## Given records

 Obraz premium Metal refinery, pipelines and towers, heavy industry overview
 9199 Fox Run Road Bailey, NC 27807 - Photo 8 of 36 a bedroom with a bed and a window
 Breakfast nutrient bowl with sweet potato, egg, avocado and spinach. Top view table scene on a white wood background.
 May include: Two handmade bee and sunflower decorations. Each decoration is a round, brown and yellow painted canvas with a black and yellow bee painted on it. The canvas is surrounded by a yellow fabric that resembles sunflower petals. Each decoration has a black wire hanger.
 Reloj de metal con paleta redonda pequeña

## Exercise goal
The number of lines in the data that hold "with" must be the entire answer.

## Output of the task
3